Please also see my previous blog post on cee/lumberjack schema mapping, which most importantly describes the current level mapping. 

Note that the default schema currently does NOT contain data obtained by parsing cee-enhanced syslog JSON part of the message. Current thinking is that we probably best include this as a sub-elements, maybe together with other structured data like RFC5424 structured data. This is currently being worked on. It’s less missing time to implement but the desire to avoid re-doing things as the spec changes. Anyhow, I’ll probably have a “timeout” after which I will implement at least some idea (after all, not too much work will be lost if things change).

If you use this schema, please keep in mind that it is experimental. At this stage I will not try to remain backwards compatible when I do changes. So excpect that newer versions may break your things!

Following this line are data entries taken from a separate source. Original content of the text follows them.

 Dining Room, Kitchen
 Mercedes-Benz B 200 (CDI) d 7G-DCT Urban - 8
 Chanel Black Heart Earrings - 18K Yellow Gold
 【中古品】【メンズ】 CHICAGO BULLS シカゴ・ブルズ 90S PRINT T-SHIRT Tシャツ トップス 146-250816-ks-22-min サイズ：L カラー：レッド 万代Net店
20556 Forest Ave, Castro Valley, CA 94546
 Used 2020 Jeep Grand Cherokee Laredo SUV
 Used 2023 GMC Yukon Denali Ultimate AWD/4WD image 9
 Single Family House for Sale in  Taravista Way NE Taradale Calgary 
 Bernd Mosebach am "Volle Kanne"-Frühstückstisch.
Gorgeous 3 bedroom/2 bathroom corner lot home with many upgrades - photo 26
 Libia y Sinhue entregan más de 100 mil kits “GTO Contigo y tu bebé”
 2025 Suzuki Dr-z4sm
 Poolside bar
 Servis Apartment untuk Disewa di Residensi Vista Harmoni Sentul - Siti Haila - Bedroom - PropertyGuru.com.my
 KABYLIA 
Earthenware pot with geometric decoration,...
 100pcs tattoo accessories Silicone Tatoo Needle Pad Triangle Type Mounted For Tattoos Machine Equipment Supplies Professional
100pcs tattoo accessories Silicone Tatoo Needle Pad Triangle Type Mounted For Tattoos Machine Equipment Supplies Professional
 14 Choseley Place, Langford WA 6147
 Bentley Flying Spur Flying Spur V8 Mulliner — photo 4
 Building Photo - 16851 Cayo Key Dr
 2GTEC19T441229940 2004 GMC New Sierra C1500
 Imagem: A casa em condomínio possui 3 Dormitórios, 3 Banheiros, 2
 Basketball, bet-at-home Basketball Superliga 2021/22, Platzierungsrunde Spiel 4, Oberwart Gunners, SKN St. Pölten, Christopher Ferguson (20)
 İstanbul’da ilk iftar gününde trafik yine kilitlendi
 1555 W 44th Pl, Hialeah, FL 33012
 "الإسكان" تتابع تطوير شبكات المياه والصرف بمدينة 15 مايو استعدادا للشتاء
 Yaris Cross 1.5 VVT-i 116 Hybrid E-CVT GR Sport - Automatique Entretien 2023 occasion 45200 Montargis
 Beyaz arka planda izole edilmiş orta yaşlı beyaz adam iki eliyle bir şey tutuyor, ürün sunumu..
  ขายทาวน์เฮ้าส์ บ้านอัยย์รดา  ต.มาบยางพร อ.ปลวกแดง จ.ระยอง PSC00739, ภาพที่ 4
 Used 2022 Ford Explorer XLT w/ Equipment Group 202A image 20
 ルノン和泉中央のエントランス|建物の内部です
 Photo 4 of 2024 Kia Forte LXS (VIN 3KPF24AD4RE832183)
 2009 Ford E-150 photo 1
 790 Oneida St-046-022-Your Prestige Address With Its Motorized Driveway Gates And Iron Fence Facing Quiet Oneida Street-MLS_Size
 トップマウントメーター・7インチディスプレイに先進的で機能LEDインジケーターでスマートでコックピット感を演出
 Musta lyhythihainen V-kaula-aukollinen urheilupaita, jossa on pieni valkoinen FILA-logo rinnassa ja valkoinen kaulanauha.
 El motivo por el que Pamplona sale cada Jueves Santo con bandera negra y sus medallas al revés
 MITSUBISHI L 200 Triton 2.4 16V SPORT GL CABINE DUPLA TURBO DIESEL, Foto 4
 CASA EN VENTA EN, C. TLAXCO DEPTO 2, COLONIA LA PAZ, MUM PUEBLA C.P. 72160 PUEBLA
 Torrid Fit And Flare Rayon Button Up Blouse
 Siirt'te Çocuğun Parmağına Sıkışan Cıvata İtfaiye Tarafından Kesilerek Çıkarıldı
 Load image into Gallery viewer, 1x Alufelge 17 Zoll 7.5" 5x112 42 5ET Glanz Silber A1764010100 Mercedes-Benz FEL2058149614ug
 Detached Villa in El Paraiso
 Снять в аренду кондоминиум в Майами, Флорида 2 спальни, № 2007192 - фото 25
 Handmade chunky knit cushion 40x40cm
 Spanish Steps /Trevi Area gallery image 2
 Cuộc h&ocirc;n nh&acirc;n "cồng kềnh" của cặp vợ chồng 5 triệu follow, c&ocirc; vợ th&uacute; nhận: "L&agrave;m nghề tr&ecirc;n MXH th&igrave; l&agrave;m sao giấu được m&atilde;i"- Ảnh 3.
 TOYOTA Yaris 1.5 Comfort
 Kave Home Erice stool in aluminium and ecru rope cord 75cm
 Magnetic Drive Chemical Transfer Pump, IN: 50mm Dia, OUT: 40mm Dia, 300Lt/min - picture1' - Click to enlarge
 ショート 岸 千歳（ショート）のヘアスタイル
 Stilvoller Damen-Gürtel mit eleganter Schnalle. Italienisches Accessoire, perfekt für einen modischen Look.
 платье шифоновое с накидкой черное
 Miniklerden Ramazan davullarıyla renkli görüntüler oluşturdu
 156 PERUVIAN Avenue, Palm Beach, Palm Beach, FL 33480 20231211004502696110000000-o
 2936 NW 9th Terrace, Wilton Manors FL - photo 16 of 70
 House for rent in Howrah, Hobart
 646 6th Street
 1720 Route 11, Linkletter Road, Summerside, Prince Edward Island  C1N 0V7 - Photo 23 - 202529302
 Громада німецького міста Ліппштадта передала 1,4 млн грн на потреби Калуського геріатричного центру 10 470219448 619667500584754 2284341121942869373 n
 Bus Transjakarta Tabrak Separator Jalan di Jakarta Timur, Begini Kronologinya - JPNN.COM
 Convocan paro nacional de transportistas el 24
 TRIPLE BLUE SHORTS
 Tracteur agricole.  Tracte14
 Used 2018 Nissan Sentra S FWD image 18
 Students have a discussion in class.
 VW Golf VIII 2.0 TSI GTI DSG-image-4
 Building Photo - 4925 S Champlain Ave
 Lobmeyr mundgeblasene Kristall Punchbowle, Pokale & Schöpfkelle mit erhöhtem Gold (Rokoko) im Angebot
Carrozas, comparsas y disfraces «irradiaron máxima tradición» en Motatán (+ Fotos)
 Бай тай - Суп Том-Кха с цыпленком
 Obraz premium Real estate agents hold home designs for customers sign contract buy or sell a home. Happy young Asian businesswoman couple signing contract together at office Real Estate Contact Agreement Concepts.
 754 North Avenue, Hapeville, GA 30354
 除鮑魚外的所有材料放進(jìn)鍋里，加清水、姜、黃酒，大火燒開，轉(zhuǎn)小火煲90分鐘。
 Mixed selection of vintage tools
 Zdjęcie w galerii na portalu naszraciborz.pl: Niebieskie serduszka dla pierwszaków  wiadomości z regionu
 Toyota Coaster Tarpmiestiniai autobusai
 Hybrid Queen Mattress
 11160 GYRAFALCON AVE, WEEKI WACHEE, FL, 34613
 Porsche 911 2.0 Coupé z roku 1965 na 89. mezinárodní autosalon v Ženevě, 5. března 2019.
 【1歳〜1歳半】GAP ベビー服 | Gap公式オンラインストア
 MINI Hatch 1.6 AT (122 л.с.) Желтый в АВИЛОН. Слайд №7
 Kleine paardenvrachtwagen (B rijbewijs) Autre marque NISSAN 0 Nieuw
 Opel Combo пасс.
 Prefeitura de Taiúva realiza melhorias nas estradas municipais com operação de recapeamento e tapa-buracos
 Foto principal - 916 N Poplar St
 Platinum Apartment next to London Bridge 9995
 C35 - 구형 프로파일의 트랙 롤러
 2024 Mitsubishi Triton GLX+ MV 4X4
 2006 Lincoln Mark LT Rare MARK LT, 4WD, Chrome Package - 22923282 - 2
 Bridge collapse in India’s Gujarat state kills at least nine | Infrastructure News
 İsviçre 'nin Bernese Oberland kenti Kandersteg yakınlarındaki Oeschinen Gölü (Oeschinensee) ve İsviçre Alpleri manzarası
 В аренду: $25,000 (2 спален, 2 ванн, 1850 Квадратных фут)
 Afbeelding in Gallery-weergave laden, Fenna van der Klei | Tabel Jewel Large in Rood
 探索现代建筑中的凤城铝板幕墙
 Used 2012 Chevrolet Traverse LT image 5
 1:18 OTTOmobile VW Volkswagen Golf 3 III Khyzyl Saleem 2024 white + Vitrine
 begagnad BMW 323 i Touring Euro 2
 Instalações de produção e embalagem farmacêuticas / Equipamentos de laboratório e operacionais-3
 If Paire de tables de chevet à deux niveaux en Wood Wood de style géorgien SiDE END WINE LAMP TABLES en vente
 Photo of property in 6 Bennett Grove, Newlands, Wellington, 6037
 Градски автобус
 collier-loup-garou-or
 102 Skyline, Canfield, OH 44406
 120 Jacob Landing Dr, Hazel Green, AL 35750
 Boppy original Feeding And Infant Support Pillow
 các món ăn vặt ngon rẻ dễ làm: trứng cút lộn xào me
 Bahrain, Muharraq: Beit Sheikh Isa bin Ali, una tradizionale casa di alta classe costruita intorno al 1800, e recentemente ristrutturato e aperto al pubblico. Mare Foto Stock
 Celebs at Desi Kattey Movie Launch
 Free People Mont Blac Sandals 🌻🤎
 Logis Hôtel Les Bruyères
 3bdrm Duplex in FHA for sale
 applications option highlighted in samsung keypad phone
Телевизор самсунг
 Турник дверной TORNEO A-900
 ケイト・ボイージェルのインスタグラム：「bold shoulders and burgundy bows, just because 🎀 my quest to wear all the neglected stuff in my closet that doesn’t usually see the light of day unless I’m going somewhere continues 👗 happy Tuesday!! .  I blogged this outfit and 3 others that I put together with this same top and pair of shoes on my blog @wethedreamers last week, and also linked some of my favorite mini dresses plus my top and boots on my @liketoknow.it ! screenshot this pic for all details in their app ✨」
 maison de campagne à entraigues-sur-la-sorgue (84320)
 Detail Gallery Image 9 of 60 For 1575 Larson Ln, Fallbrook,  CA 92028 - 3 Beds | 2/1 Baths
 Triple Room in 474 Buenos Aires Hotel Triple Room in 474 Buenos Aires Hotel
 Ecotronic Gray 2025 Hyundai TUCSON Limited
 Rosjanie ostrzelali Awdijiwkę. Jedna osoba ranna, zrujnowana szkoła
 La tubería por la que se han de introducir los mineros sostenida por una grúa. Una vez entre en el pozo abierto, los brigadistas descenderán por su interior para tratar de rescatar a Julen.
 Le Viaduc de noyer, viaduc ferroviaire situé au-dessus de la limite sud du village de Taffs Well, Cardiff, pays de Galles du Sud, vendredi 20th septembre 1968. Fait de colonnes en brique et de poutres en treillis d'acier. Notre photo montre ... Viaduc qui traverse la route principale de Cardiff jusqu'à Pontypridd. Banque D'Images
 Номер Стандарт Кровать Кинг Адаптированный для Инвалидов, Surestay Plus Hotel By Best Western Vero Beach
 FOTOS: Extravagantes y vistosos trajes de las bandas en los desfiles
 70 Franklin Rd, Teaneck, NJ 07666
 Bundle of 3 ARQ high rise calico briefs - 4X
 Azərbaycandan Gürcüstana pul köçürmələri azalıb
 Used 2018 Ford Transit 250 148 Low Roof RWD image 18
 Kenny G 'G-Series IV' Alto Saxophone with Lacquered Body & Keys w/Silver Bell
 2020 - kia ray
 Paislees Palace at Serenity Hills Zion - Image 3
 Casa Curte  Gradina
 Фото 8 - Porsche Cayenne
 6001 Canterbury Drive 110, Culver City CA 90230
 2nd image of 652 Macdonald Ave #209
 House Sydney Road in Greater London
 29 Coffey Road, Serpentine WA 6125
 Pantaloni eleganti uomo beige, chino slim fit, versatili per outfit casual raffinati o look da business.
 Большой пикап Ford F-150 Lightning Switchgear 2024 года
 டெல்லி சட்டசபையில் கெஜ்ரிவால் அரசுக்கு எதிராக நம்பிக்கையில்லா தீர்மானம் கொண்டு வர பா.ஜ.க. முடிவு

Adiscon LogAnalyzer now supports MongoDB

I just wanted to share the good news that Andre, LogAnalyzer‘s development lead, today finished implementing a logstream driver for MongoDB. So this nice tool can now also be used to access MongoDB based data. Andre’s lab data was created by rsyslog’s ommongo output module (you currently need rsyslog git master branch to make this work). The logstream driver is not yet really optimized and we do not make full use of the NoSQL capabilites (like different schemas inside a single collection and all this). However, there is lots of exciting stuff on the todo list and I thought I mention a first successful step – and probably a quite important one if you “just want to use that thing” ;) So: good news for a Friday!

rsyslog / CEE base schema mapping

I am giving a first shot at a mapping of the CEE base schema (as currently described in project lumberjack, NOT on the CEE site!) to rsyslog properties. The core idea is to use this mapping as the default for ommongodb. Then, rsyslog shall be able to write this schema, while logtools (and others) can rely on it. For obvious reasons “rely” is not to be treated literally, as the whole thing currently is a moving target.

So I would deeply appreciate feedback for improving this mapping.

In the following mapping, the cee field name is first, the rsyslog property second.

Fields we can always map:

  • srchost -> hostname
  • time -> timestamp (rsyslog currently populates subseconds, what seems not to be supported in lumberjack)
  • msg -> msg (initially used rawmsg, but decided against this)
  • pid -> procid (may not actually be a Linux process ID)
  • proc -> app-name
  • level -> generated based on syslog severity (value mapping see below)
Translation of syslog severity to lumberjack level (not bijective, syslog first, number in parenthesis denotes numerical value):
  • emergency(0) -> FATAL
  • alert(1), critical(2), error(3) -> ERROR
  • warning(4) -> WARN
  • notice(5), informational(6) -> INFO
  • debug(7) -> DEBUG
  • (never mapped) -> TRACE
Fields we do not currently provided, but could be in some cases:
Note that these fields may or may not be present inside a JSON/BSON document.
  • ppid -> parent process ID (SCM_CREDENTIALS, local only?)
  • uid ->  (SCM_CREDENTIALS, local only?)
  • gid ->  (SCM_CREDENTIALS, local only?)
  • tid -> thread ID (questionable, can probably not provided with current logging API)
As I said, feedback and suggestions are highly welcome. This list ist work in progress and can change in any instant. I’ll provide notification when the interface has stabilized. Do not expect this soon.